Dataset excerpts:
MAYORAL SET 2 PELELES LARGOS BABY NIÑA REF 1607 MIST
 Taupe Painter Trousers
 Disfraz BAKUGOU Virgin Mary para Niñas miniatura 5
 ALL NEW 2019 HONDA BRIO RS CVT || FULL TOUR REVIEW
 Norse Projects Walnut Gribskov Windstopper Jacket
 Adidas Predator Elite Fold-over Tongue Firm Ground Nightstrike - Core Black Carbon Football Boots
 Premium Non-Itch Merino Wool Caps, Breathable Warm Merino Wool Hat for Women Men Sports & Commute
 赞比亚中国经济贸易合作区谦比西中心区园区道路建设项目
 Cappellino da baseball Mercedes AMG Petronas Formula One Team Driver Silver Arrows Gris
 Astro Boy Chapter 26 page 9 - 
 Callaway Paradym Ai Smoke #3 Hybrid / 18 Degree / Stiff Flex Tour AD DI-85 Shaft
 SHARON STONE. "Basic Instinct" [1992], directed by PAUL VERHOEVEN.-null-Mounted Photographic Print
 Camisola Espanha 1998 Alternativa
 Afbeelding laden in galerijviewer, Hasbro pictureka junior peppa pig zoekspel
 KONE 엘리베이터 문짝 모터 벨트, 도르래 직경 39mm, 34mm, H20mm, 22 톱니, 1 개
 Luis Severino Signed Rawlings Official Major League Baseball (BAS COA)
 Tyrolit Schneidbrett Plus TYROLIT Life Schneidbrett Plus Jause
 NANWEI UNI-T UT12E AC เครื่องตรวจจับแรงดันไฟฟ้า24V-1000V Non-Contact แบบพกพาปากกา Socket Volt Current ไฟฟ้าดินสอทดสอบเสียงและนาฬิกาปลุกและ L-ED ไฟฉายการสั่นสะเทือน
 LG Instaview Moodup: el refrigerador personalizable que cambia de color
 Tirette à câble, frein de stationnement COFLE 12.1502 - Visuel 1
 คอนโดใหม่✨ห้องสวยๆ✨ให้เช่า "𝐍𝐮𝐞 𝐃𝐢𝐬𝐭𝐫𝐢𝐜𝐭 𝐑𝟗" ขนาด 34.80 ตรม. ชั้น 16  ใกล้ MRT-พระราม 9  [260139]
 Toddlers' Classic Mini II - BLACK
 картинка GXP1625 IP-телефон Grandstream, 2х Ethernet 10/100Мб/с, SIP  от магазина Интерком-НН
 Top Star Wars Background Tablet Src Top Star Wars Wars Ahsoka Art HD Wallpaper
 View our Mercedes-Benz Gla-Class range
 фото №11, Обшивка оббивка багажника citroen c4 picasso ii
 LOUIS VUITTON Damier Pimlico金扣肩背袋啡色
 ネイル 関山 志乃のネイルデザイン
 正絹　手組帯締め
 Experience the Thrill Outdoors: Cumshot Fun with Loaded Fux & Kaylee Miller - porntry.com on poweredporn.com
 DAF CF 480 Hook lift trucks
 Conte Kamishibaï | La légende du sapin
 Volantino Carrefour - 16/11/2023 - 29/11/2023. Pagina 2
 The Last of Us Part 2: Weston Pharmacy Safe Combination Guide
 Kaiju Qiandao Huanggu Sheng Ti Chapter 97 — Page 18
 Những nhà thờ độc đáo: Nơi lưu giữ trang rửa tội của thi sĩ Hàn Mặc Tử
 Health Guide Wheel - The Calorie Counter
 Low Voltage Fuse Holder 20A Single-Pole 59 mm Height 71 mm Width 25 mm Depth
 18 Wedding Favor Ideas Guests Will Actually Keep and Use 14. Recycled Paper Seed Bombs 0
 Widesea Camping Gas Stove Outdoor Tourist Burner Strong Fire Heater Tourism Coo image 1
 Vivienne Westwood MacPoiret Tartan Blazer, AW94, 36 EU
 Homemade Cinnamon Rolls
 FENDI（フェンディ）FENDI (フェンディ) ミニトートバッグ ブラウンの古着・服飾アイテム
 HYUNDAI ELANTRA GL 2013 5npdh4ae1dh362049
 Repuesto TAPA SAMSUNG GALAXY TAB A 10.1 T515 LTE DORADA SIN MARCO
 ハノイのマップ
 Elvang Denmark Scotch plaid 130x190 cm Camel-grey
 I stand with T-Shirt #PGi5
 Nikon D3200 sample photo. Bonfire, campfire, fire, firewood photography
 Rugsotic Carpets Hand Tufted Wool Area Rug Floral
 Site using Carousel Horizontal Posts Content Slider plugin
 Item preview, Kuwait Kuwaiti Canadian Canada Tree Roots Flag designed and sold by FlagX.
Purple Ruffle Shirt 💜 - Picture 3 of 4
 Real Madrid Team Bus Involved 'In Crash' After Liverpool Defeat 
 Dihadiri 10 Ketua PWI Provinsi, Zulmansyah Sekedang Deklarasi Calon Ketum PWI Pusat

■ Task instructions ■
Could you retype each record exactly as it appears?

■ Task response ■
MAYORAL SET 2 PELELES LARGOS BABY NIÑA REF 1607 MIST
 Taupe Painter Trousers
 Disfraz BAKUGOU Virgin Mary para Niñas miniatura 5
 ALL NEW 2019 HONDA BRIO RS CVT || FULL TOUR REVIEW
 Norse Projects Walnut Gribskov Windstopper Jacket
 Adidas Predator Elite Fold-over Tongue Firm Ground Nightstrike - Core Black Carbon Football Boots
 Premium Non-Itch Merino Wool Caps, Breathable Warm Merino Wool Hat for Women Men Sports & Commute
 赞比亚中国经济贸易合作区谦比西中心区园区道路建设项目
 Cappellino da baseball Mercedes AMG Petronas Formula One Team Driver Silver Arrows Gris
 Astro Boy Chapter 26 page 9 - 
 Callaway Paradym Ai Smoke #3 Hybrid / 18 Degree / Stiff Flex Tour AD DI-85 Shaft
 SHARON STONE. "Basic Instinct" [1992], directed by PAUL VERHOEVEN.-null-Mounted Photographic Print
 Camisola Espanha 1998 Alternativa
 Afbeelding laden in galerijviewer, Hasbro pictureka junior peppa pig zoekspel
 KONE 엘리베이터 문짝 모터 벨트, 도르래 직경 39mm, 34mm, H20mm, 22 톱니, 1 개
 Luis Severino Signed Rawlings Official Major League Baseball (BAS COA)
 Tyrolit Schneidbrett Plus TYROLIT Life Schneidbrett Plus Jause
 NANWEI UNI-T UT12E AC เครื่องตรวจจับแรงดันไฟฟ้า24V-1000V Non-Contact แบบพกพาปากกา Socket Volt Current ไฟฟ้าดินสอทดสอบเสียงและนาฬิกาปลุกและ L-ED ไฟฉายการสั่นสะเทือน
 LG Instaview Moodup: el refrigerador personalizable que cambia de color
 Tirette à câble, frein de stationnement COFLE 12.1502 - Visuel 1
 คอนโดใหม่✨ห้องสวยๆ✨ให้เช่า "𝐍𝐮𝐞 𝐃𝐢𝐬𝐭𝐫𝐢𝐜𝐭 𝐑𝟗" ขนาด 34.80 ตรม. ชั้น 16  ใกล้ MRT-พระราม 9  [260139]
 Toddlers' Classic Mini II - BLACK
 картинка GXP1625 IP-телефон Grandstream, 2х Ethernet 10/100Мб/с, SIP  от магазина Интерком-НН
 Top Star Wars Background Tablet Src Top Star Wars Wars Ahsoka Art HD Wallpaper
 View our Mercedes-Benz Gla-Class range
 фото №11, Обшивка оббивка багажника citroen c4 picasso ii
 LOUIS VUITTON Damier Pimlico金扣肩背袋啡色
 ネイル 関山 志乃のネイルデザイン
 正絹　手組帯締め
 Experience the Thrill Outdoors: Cumshot Fun with Loaded Fux & Kaylee Miller - porntry.com on poweredporn.com
 DAF CF 480 Hook lift trucks
 Conte Kamishibaï | La légende du sapin
 Volantino Carrefour - 16/11/2023 - 29/11/2023. Pagina 2
 The Last of Us Part 2: Weston Pharmacy Safe Combination Guide
 Kaiju Qiandao Huanggu Sheng Ti Chapter 97 — Page 18
 Những nhà thờ độc đáo: Nơi lưu giữ trang rửa tội của thi sĩ Hàn Mặc Tử
 Health Guide Wheel - The Calorie Counter
 Low Voltage Fuse Holder 20A Single-Pole 59 mm Height 71 mm Width 25 mm Depth
 18 Wedding Favor Ideas Guests Will Actually Keep and Use 14. Recycled Paper Seed Bombs 0
 Widesea Camping Gas Stove Outdoor Tourist Burner Strong Fire Heater Tourism Coo image 1
 Vivienne Westwood MacPoiret Tartan Blazer, AW94, 36 EU
 Homemade Cinnamon Rolls
 FENDI（フェンディ）FENDI (フェンディ) ミニトートバッグ ブラウンの古着・服飾アイテム
 HYUNDAI ELANTRA GL 2013 5npdh4ae1dh362049
 Repuesto TAPA SAMSUNG GALAXY TAB A 10.1 T515 LTE DORADA SIN MARCO
 ハノイのマップ
 Elvang Denmark Scotch plaid 130x190 cm Camel-grey
 I stand with T-Shirt #PGi5
 Nikon D3200 sample photo. Bonfire, campfire, fire, firewood photography
 Rugsotic Carpets Hand Tufted Wool Area Rug Floral
 Site using Carousel Horizontal Posts Content Slider plugin
 Item preview, Kuwait Kuwaiti Canadian Canada Tree Roots Flag designed and sold by FlagX.
Purple Ruffle Shirt 💜 - Picture 3 of 4
 Real Madrid Team Bus Involved 'In Crash' After Liverpool Defeat 
 Dihadiri 10 Ketua PWI Provinsi, Zulmansyah Sekedang Deklarasi Calon Ketum PWI Pusat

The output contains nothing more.